[Your instructions] Would you restate the entries below word for word, leaving out the images?

(Provided material)

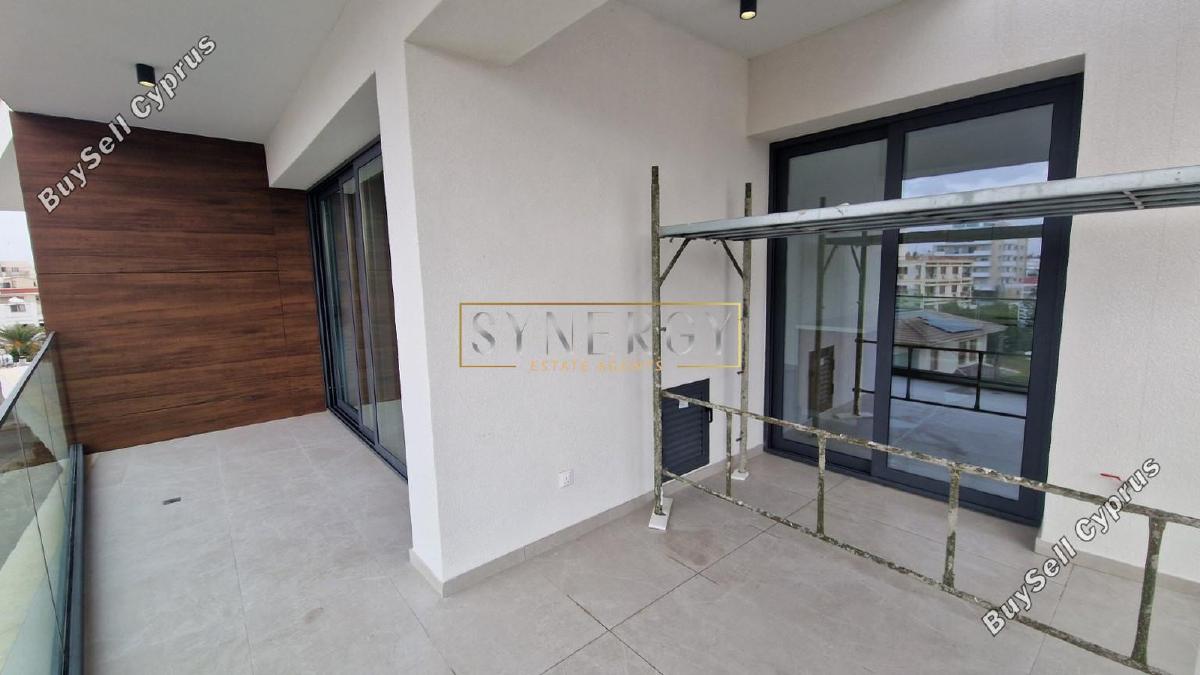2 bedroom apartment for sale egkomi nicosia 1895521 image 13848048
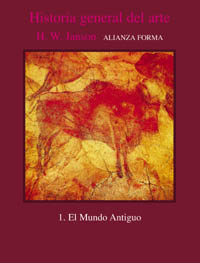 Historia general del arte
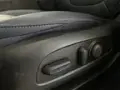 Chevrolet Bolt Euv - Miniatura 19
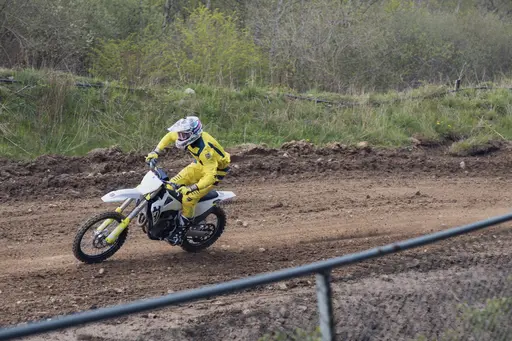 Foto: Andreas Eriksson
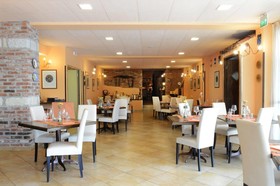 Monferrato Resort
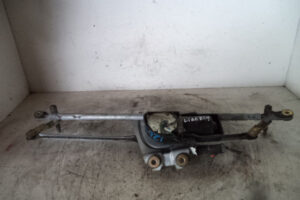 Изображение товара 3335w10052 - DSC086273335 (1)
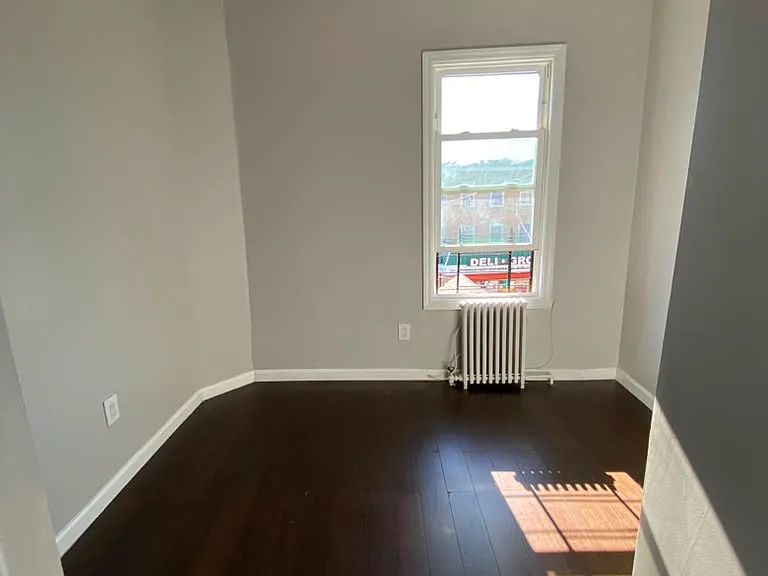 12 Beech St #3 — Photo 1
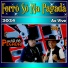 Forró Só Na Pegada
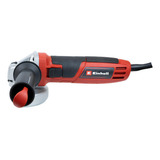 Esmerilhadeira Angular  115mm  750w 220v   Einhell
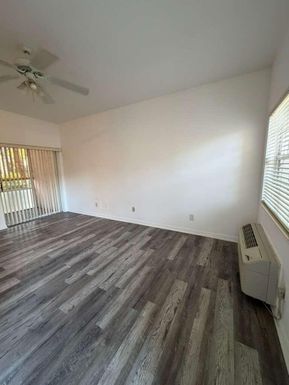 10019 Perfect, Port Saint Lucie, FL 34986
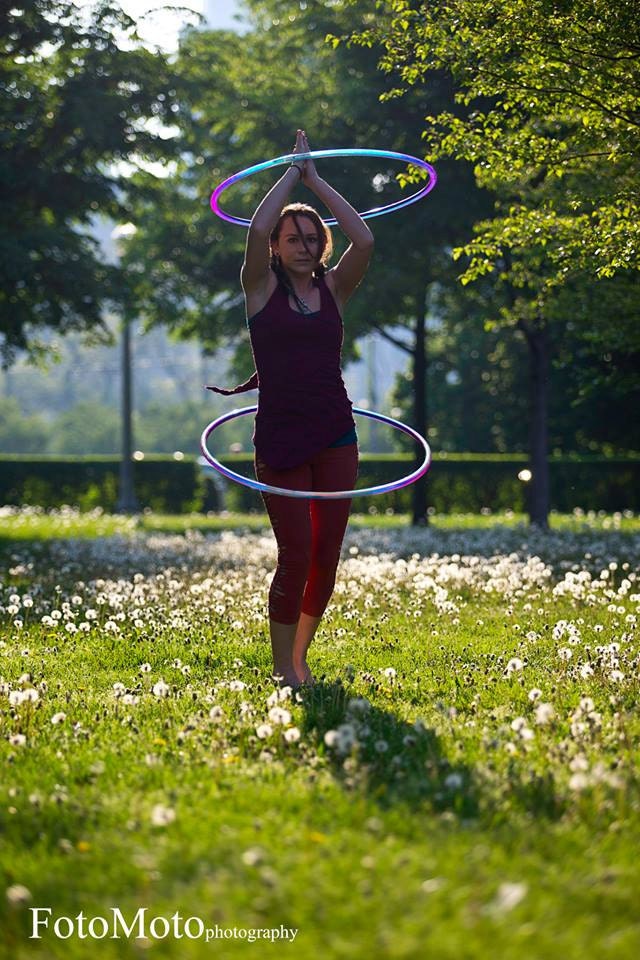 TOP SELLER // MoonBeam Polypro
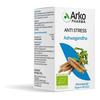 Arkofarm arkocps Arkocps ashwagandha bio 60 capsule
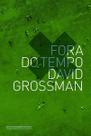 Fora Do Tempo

(End Provided material)

[Result of this exercise]
2 bedroom apartment for sale egkomi nicosia 1895521 image 13848048
 Historia general del arte
 Chevrolet Bolt Euv - Miniatura 19
 Foto: Andreas Eriksson
 Monferrato Resort
 Изображение товара 3335w10052 - DSC086273335 (1)
 12 Beech St #3 — Photo 1
 Forró Só Na Pegada
 Esmerilhadeira Angular  115mm  750w 220v   Einhell
 10019 Perfect, Port Saint Lucie, FL 34986
 TOP SELLER // MoonBeam Polypro
 Arkofarm arkocps Arkocps ashwagandha bio 60 capsule
 Fora Do Tempo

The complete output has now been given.